Exercise description. Type the records that follow again exactly as written, but drop the pictures.

:::::

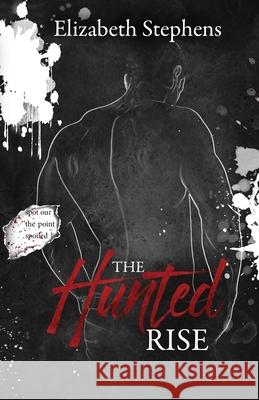 The Hunted Rise, Brothers #2 (interracial dark mafia romance) Elizabeth Stephens 9780999130551 Elizabeth Stephens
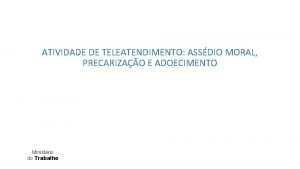 ATIVIDADE DE TELEATENDIMENTO ASSDIO MORAL PRECARIZAO E ADOECIMENTO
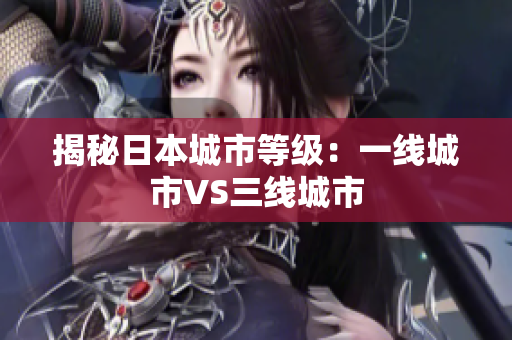 揭秘日本城市等级：一线城市VS三线城市
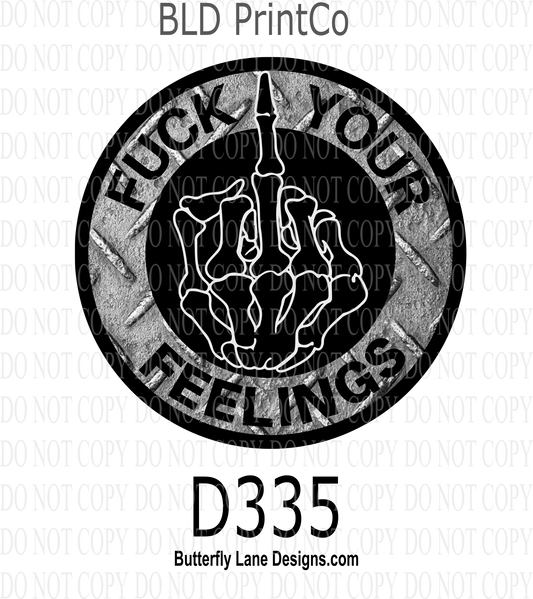 D335 Fuck your feelings-Diamond plate-BLD  Clear Decal :: VC Decal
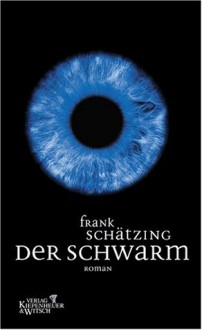 Der Schwarm - Frank Schätzing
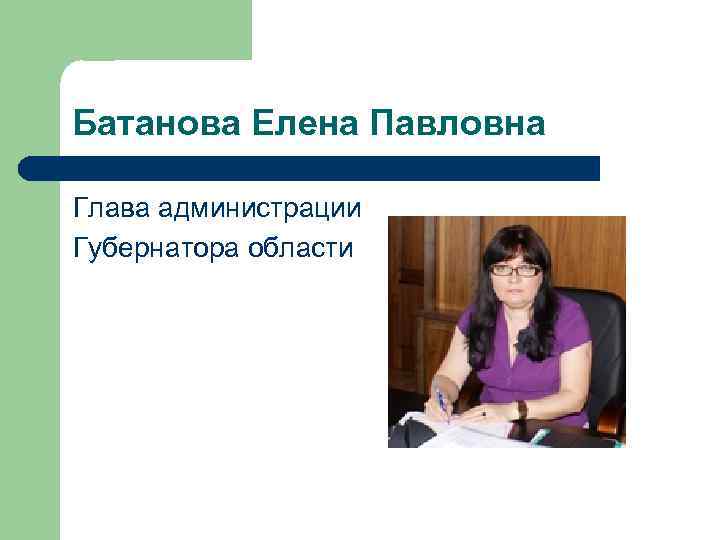 Батанова Елена Павловна Глава администрации Губернатора области 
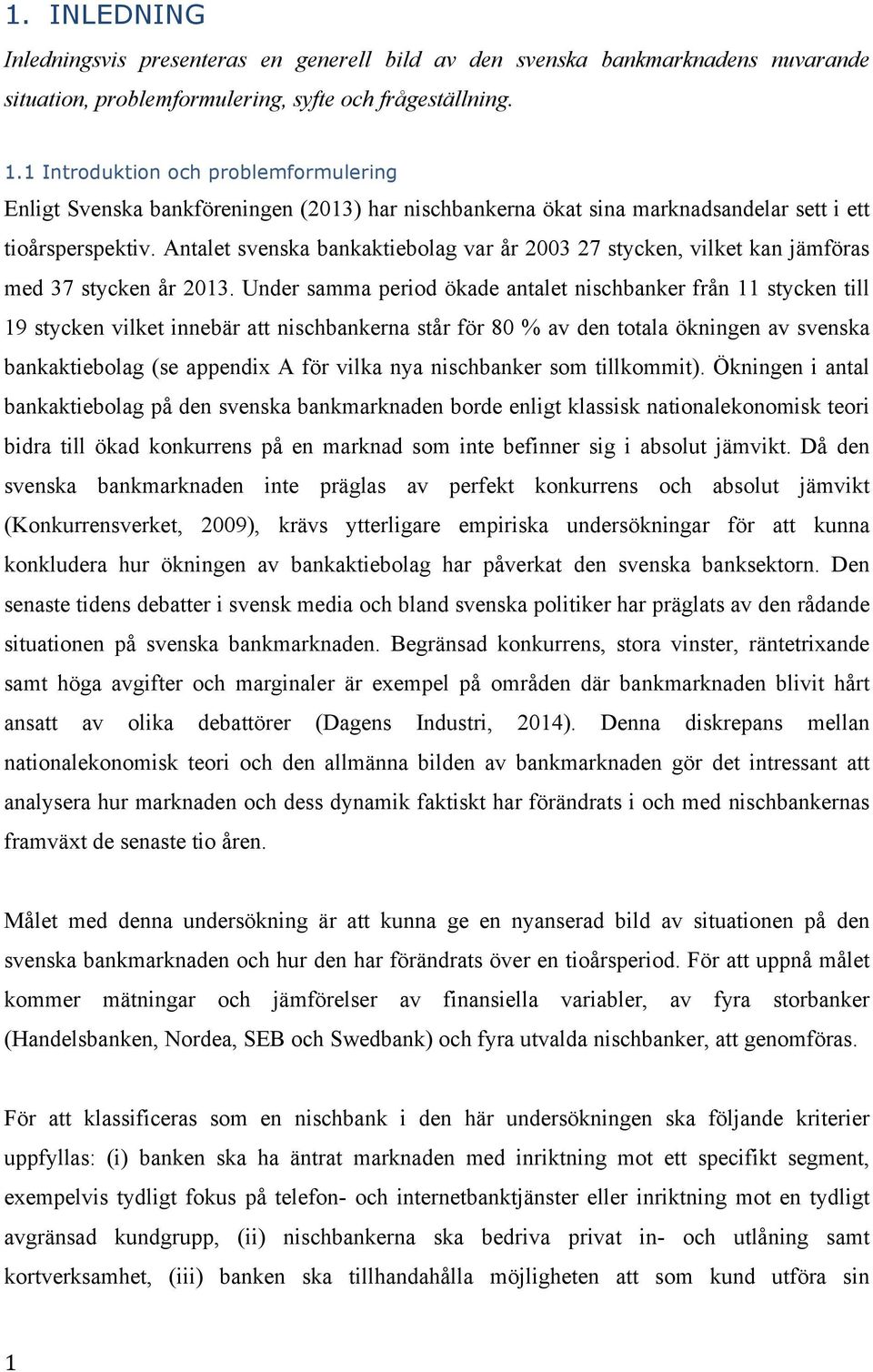 Antalet svenska bankaktiebolag var år 2003 27 stycken, vilket kan jämföras med 37 stycken år 2013.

:::::

Result of this exercise.
 The Hunted Rise, Brothers #2 (interracial dark mafia romance) Elizabeth Stephens 9780999130551 Elizabeth Stephens
 ATIVIDADE DE TELEATENDIMENTO ASSDIO MORAL PRECARIZAO E ADOECIMENTO
 揭秘日本城市等级：一线城市VS三线城市
 D335 Fuck your feelings-Diamond plate-BLD  Clear Decal :: VC Decal
 Der Schwarm - Frank Schätzing
 Батанова Елена Павловна Глава администрации Губернатора области 
 Antalet svenska bankaktiebolag var år 2003 27 stycken, vilket kan jämföras med 37 stycken år 2013.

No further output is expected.